There were other alterations in the relationships within the Caskey family that autumn. When Malcolm ran away to join the army, Queenie was distraught, and begged James to send somebody to fetch him back. But James argued that Malcolm was twenty-one and could do what he pleased. “Besides,” James pointed out while they were choosing an automobile to replace the one Malcolm had stolen, “you have always said that what Malcolm needed was a good dose of army discipline.” So Queenie allowed herself to be lightened of the burden that had been her son. She no longer worried about him, but indulged herself to a greater extent than ever before in James’s company. Lucille complained that her mother was never at home, and that she always knew where to find her, which was over at Uncle James’s. James and Queenie gossiped, James and Queenie went shopping in Pensacola and Mobile, James and Queenie had no secrets from one another. Then they began making visits in Perdido as a couple. Some lady in town would say to her friend, “I’m bored to death. Let’s call up James and Queenie and see if they won’t come over and talk a spell.” Or another lady would say, “Let’s ride by James’s house and see if Queenie and him are out on the porch.”
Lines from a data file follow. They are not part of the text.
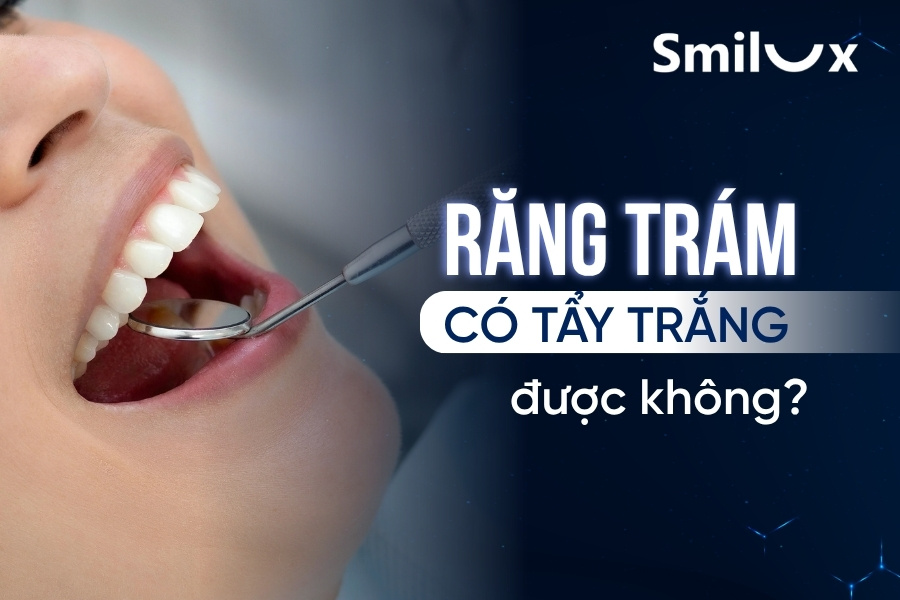 Răng trám có tẩy trắng được không? Tư vấn từ bác sĩ Smilux Dental Răng trám có tẩy trắng được không? Tư vấn từ bác sĩ Smilux Dental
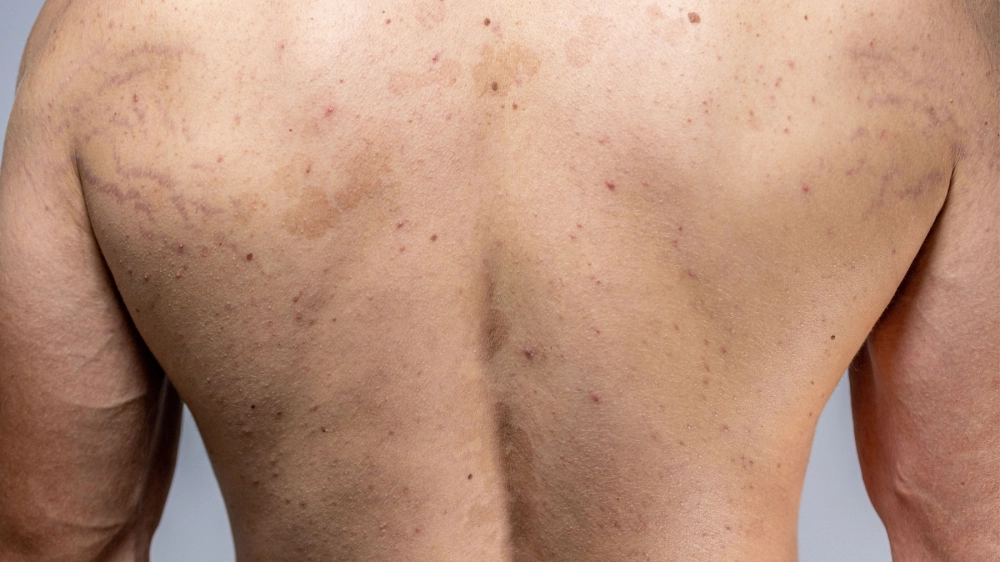 Lang ben đỏ là gì và biểu hiện trên da với các dát hồng ban có vảy mịn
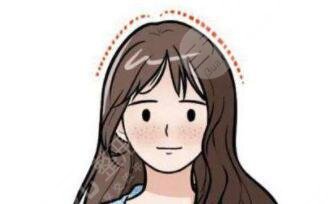 抬高颅顶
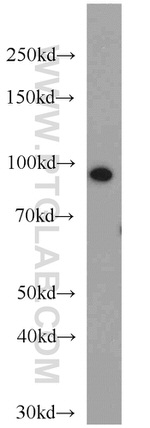 beta-Catenin Antibody in Western Blot (WB)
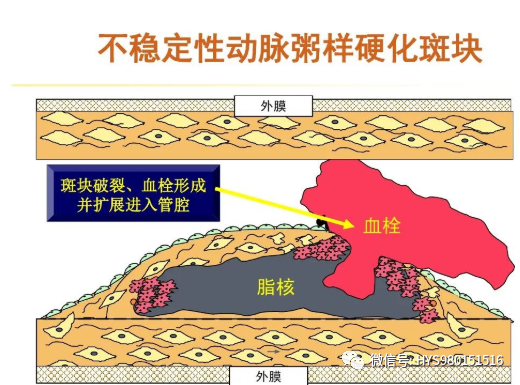 急性心梗的识别与处理！一文总结！
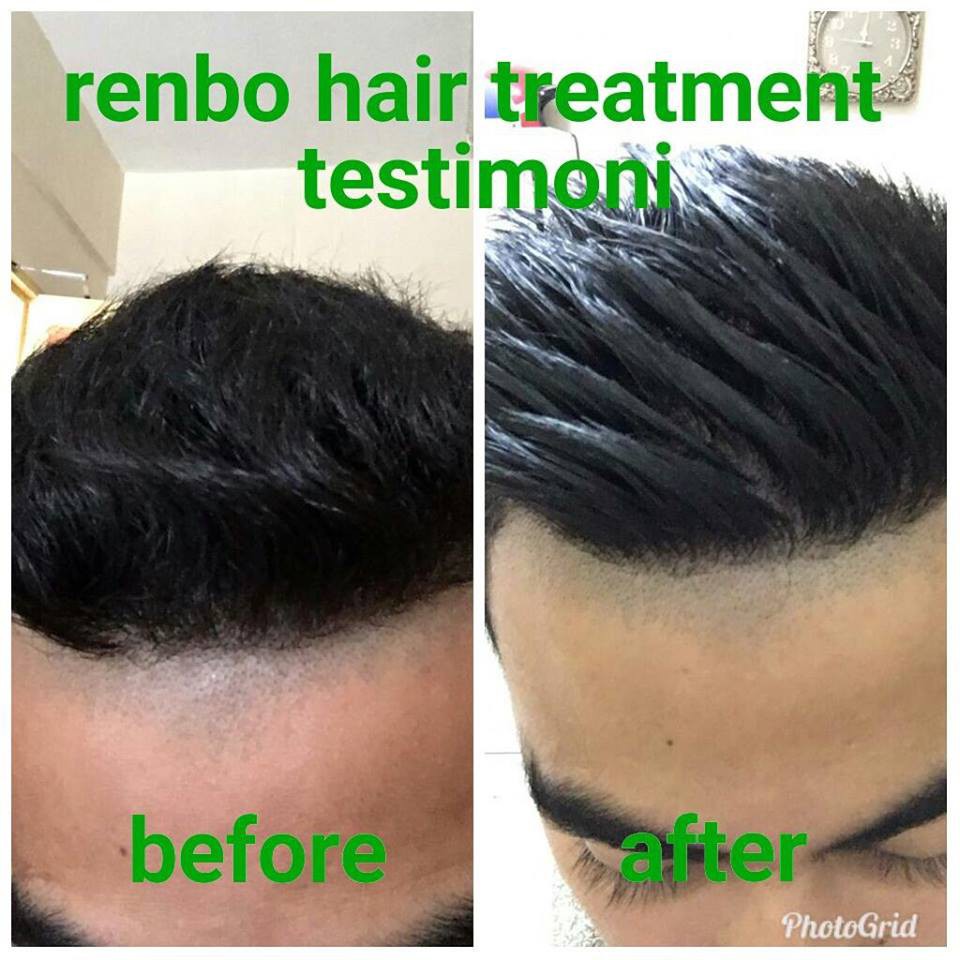 Hot Renbo Hair Straightener 3in1 Rebonding Pelurus Rambut Hair Straightening Lelaki Perempuan Kerinting Kering Shopee Singapore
Together, Queenie and James paid visits to Elinor. Often they found Sister with her. These visits soon lost the formal aspect that they had had at first; they became as easy and natural as Perdido had always thought they should be, with all the Caskeys living in adjacent houses. Soon the households began taking meals together. It seemed foolish to have Zaddie, Roxie, and Ivey cooking three complete different meals when everyone might meet at Elinor’s for the big meal of the day and enjoy themselves more. The three black women got together early in the morning, planned the meal, then retired to their separate kitchens to prepare their individual parts. In mid-morning, Roxie and Ivey could be seen bearing steaming pots and casseroles across the sandy yards beneath the water oaks. Everyone gathered at noon. James or Oscar said grace, and for an hour the Caskeys were as happy as any family had the right to be.
One day Oscar, from his usual spot at the head of the table, said, “Y’all, I just thought of something. None of this would have been possible when Mama was alive. She would never have let us do this.”
Everyone at the table grew quiet. Everyone knew that Oscar spoke the truth, and the indictment against Mary-Love was telling.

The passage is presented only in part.